To young voters, socialism isn’t a bad word

TIM ROESCH, a 46-year-old tea party supporter at last Wednesday’s rally on the Common, was not happy with a group of nearby college students.

“You should get a group picture and send it to your parents,’’ he grumbled at them. He was displeased with the signs they held, which hefound offensive; one referred to folks like him with a derogatory sexual term. He blamed the youthful flippancy on a lack of critical thinking and genuine knowledge as to how the world works. “They don’t understand what socialism means. They don’t understand what democracy means.’’

But it’s not that the youngest voters don’t know what socialism means. It’s that most aren’t scared of it — and find it bizarre that, decades after the fall of the Berlin Wall, a political movement would center itself around opposition to it. The fact that both the tea party and the Republican Party have made vociferous opposition to “socialist’’ policies a key part of their rhetoric helps explain the tepid response among young adults.

Republican strategists see short-term advantages in the tea party movement’s passion. But if conservatives can’t wean themselves off of Cold-War-era rhetoric, they risk alienating an entire generation of young people. The tea party is well on its way to doing just that. A recent New York Times/CBS News survey found that three-quarters of the movement’s supporters were older than 45.

Behind the main crowd at the Boston Common rally, counter-protesters and protesters mixed and argued amidst a carnival-like atmosphere that included costumed provocateurs and what felt like every fringe group in the state handing out pamphlets. But younger attendees expressed skepticism about the tea party message.

Naveed Easton, a 19-year-old Emerson student, said he thought the group was out of touch. “You can notice the shift in society over the past 30 years,’’ he said. “It’s just getting more and more open-minded, and some people are just very resistant to a progressive society. Especially when it comes to, like, ‘Oh, that’s a socialist program!’ ’’

And if the health care reform bill actually were socialist? He shrugged off that concern. “Socialism itself isn’t terrible,’’ he said, unless it involves the abrogation of individual rights.

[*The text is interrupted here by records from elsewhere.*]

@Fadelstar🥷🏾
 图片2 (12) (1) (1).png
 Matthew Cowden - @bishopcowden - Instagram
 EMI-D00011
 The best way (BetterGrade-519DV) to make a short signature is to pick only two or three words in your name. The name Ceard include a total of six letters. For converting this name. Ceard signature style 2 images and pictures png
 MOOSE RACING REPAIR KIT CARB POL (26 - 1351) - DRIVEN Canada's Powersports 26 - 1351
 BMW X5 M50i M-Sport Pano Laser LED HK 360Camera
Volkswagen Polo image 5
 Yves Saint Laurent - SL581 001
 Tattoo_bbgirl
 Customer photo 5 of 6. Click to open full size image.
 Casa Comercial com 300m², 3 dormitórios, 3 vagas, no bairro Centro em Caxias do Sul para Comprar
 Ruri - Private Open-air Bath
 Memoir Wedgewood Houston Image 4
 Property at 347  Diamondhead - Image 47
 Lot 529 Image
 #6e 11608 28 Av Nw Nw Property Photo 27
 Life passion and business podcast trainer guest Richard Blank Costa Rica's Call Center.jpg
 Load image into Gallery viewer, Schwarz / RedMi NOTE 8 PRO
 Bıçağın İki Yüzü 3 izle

Easton is just one college student, of course — a liberal one in a liberal town. But his views are far from radical among his peers. A year ago a Rasmussen Reports poll found that Americans under 30 are essentially equally divided on whether socialism or capitalism is a superior economic system.

This may shock those who lived through the Cold War, but there’s nothing irrational about it. Young people grew up in a post-Soviet world. When they hear “socialism,’’ they think Scandinavia, not Russia. They’re much more likely to be struggling with student-loan or credit-card bills than to have been affected one iota by the sort of government overreach that can be credibly tied to socialism.

Conservatives can continue beating the dead horse of socialism. But if they want to finally build a youthful infrastructure they should heed the lesson of Wednesday’s rally. The graying tea party throng cheered wildly when Sarah Palin took the stage; the younger spectators stood around the edges of the crowd — looking unimpressed.